In many ways, it was significantly better than the year he spent on a MLS roster. That year, he was getting paid about $20,000, working a second job, living with his parents, eating like a college student and rarely playing outside of practice.
The growth Neagle experienced in his year in the minors is a major reason why he finds himself in Sounders training camp for a third straight off-season. Despite making the team straight out of college, he only made one MLS gameday roster and appeared just once with the senior team, in the friendly against Chelsea. Last year, he traveled with the team to Europe before being one of the final cuts.
Neagle is still facing an uphill battle to make the team's final roster, especially now that it looks like the Sounders may only keep 28 players, but this year seems to be the closest he's come to being considered a potential contributor.
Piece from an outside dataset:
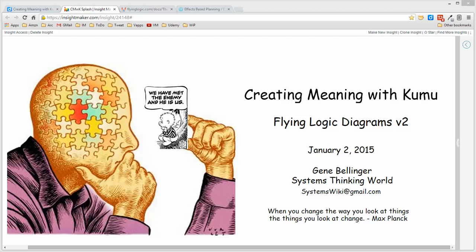I'd like to spend a few minutes and talk about flying logic diagrams, which are associated with developing effects-based planning theory of constraints diagrams.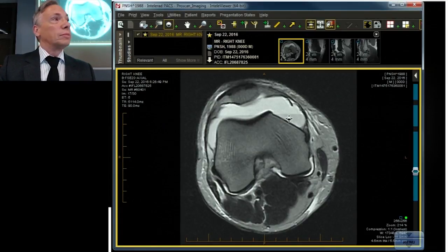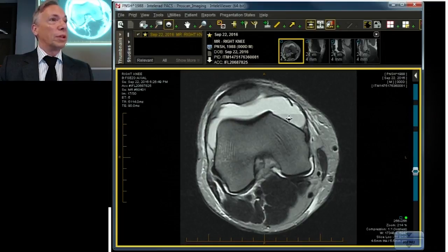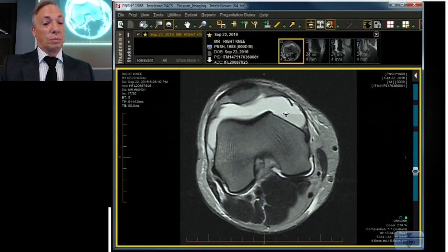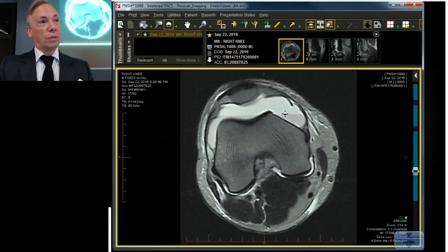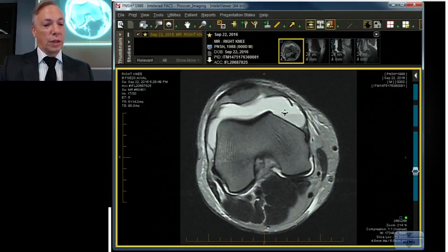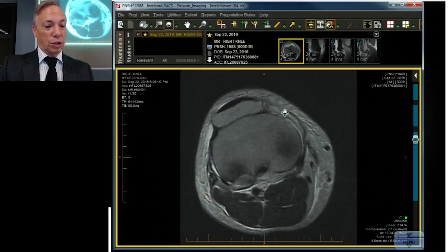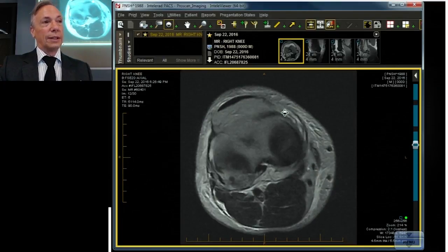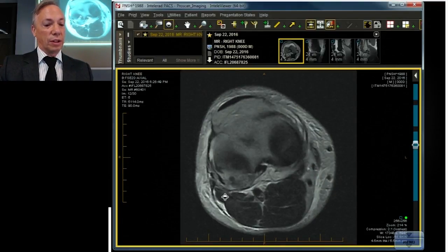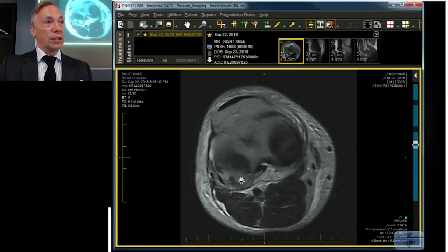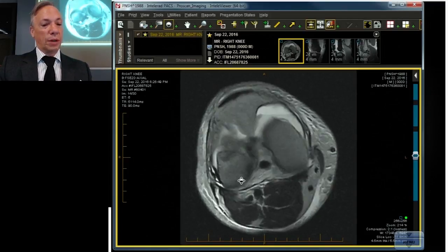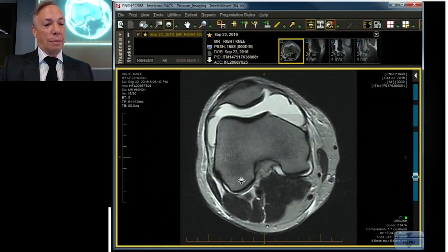First point: meniscal tears don't give you blood fluid levels. So there has to be something else wrong. Although that's not why we're showing the case. But as we scroll it, we see the reason for the blood fluid level — there's a fracture back here, which means something pretty violent happened.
Coaches have consistently given him high marks for his play, especially as a forward. Sounders GM Adrian Hanauer identified Neagle's speed, footwork, work ethic and versatility as things the team likes about him.
"It is a tough process," said Hanauer, who has until March 1 to finalize the roster. "We try to make it the least painful and hurtful as possible. But given we are in professional sports and some make it and some don’t, we try to find a soft landing for players like Lamar. Charleston was that place for Lamar. Now he gets another crack at a MLS roster."